Currently there is also a Cardinal, a Duke and even an Australian – Michael Duffy, the former attorney-general of Australia.

(In case you’re wondering, Mr Duffy was instrumental in negotiating the Closer Economic Relations Trade Agreement between Australia and New Zealand.)

The Order of New Zealand is a broad church and the diversity of its membership says something about us as a country.

That our highest order recognises achievement in all walks of life seems like a very Kiwi demonstration of egalitarianism.

What is also special is that each insignia has a whakapapa – a lineage that is developed each time it is bestowed on a new recipient.  It’s a wonderful physical expression of mana and a link to those who have gone before.  Legends like Sir Edmund Hillary, Douglas Lilburn, Dame Whina Cooper and Janet Frame.

Some of you are the first holders of your particular insignia – Jim Bolger is one.  Others are the second or third generation of holders. 

Sir Ken follows Douglas Lilburn and Alan McDiarmid.  All three having been Professors at Victoria University.

Joy Cowley’s insignia was once worn by the great educationalist Clarence Beeby and then by artist Cliff Whiting.

Helen holds the insignia first bestowed on Sonja Davies.  I think we’d all agree that they could both be described as fearless and formidable leaders.

I pondered for a moment on the thread that connected Sir Lloyd with the initial holder of his insignia – David Lange.  And then I realised that, in their own way, they might both be described as iconoclasts!

You are all connected to each other, not just by the letters ONZ and the insignia that you wear, but by what you represent.

Alongside your achievements, you have been selected on the basis that you embody what is best about Aotearoa New Zealand.

Often foreign guests and diplomats express to me their admiration for New Zealand, especially noting our stable and balanced system of government, our sense of fairness, our tolerance and our continued support of an international multilateral rules based system and the rule of law. 

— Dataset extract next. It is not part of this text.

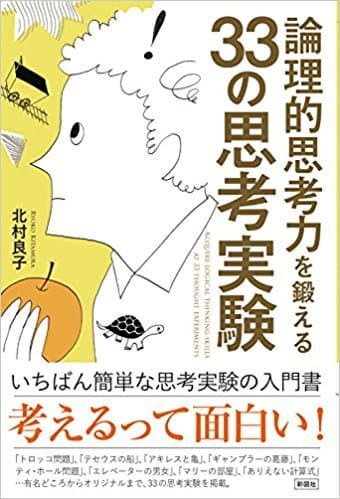 論理的思考力を鍛える33の思考実験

They ask how these values and our commitment to a fact-based approach in dealing with crises and challenges, remain relatively intact, in a world where xenophobia and what philosopher Philip Kitcher describes as ‘vulgar democracy’ are gaining uncomfortably strong followings, even in so-called Western democracies.

Well, the answer lies in the experiences and history we have grown up with.  Those values are represented by all of you here this evening.  The thought leadership and courage that you have each shown in your own careers and the role models that you have been, and continue to be, for generations of younger New Zealanders.  Your stories, and those of the ONZ holders before you, are your legacy for our country.  Our current leaders truly do stand on the shoulders of giants.

I thank you for what you have done to make Aotearoa New Zealand a country to be truly proud of.

As host, it is my duty to speak.  But on nights like this, when there is such a wealth of knowledge and talent gathered, I feel we have it the wrong way round.   I  should be listening to you as you share your wisdom and experience!   David and I look forward to doing just that over dinner.

Kia ora huihui tātou katoa  and Bon appetit!